• **YOUR INSTRUCTIONS**
Only the lines from the one holding "24x24 Summer Cozy" through the end of the records below are to be reproduced exactly, and pictures are to be omitted.

• **GIVEN DATA**
════

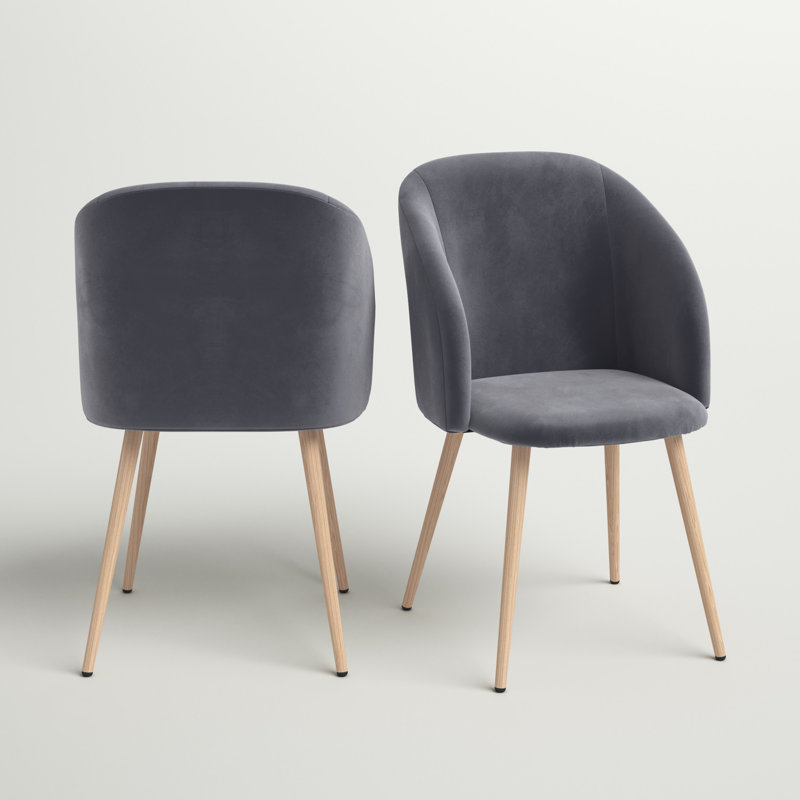 Atlas 50cm H Polyester Blend Upholstered Side Chair, Grey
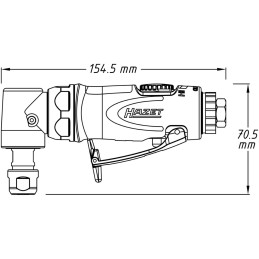 Oro kampinis šlifuoklis 74 L/min 20000 RPM 1/4'' Hazet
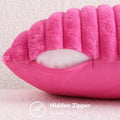 24x24 Summer Cozy Faux Fur Throw Pillow Covers Set of 2 – Hot Pink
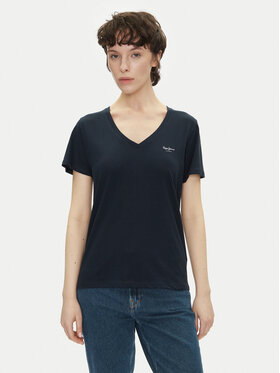 Pepe Jeans Pepe Jeans Футболка Macy PL506051 Cиній Regular Fit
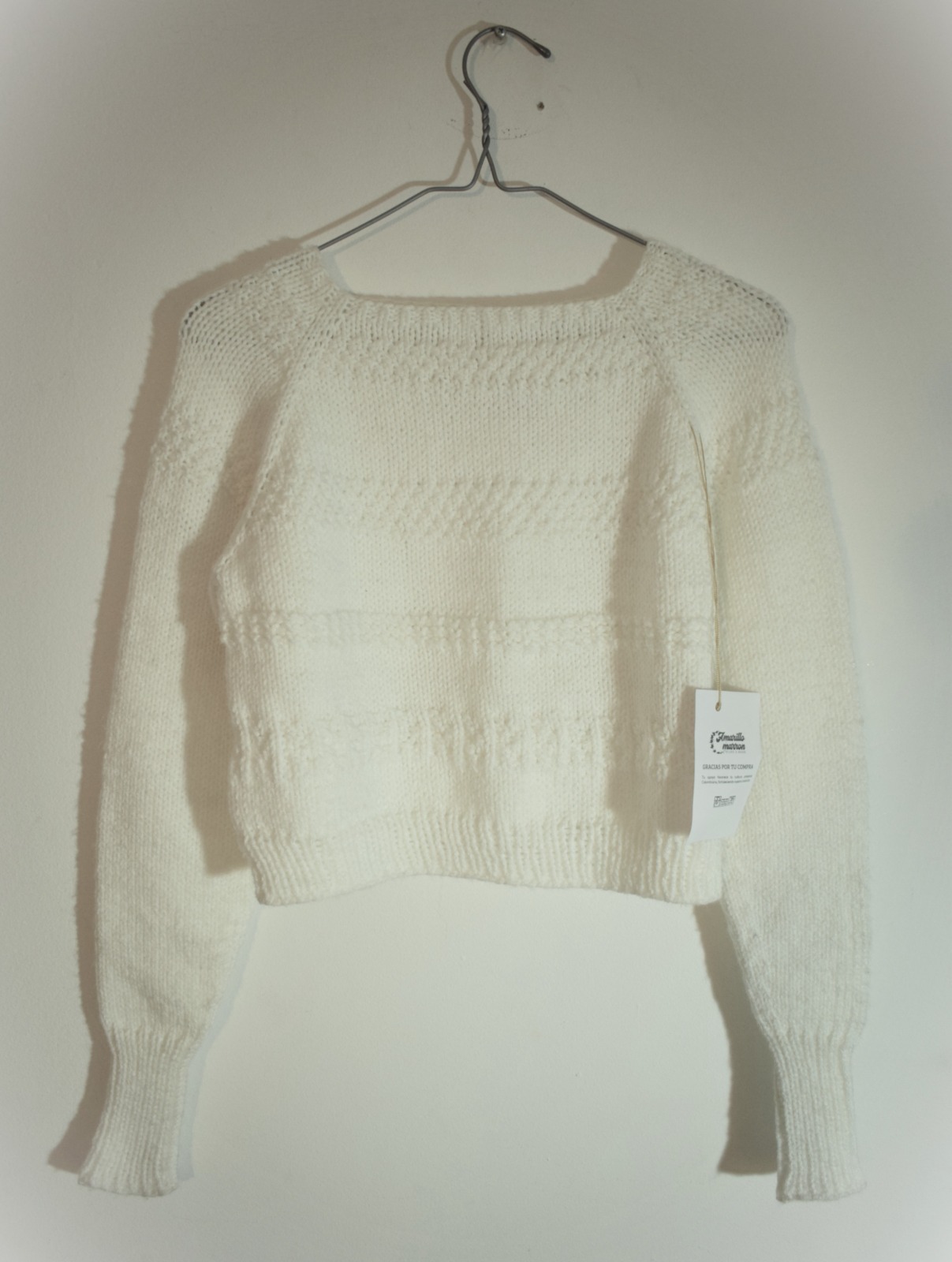 Sweater “Aura Blanca”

════

• **SOLUTION**
 24x24 Summer Cozy Faux Fur Throw Pillow Covers Set of 2 – Hot Pink
 Pepe Jeans Pepe Jeans Футболка Macy PL506051 Cиній Regular Fit
 Sweater “Aura Blanca”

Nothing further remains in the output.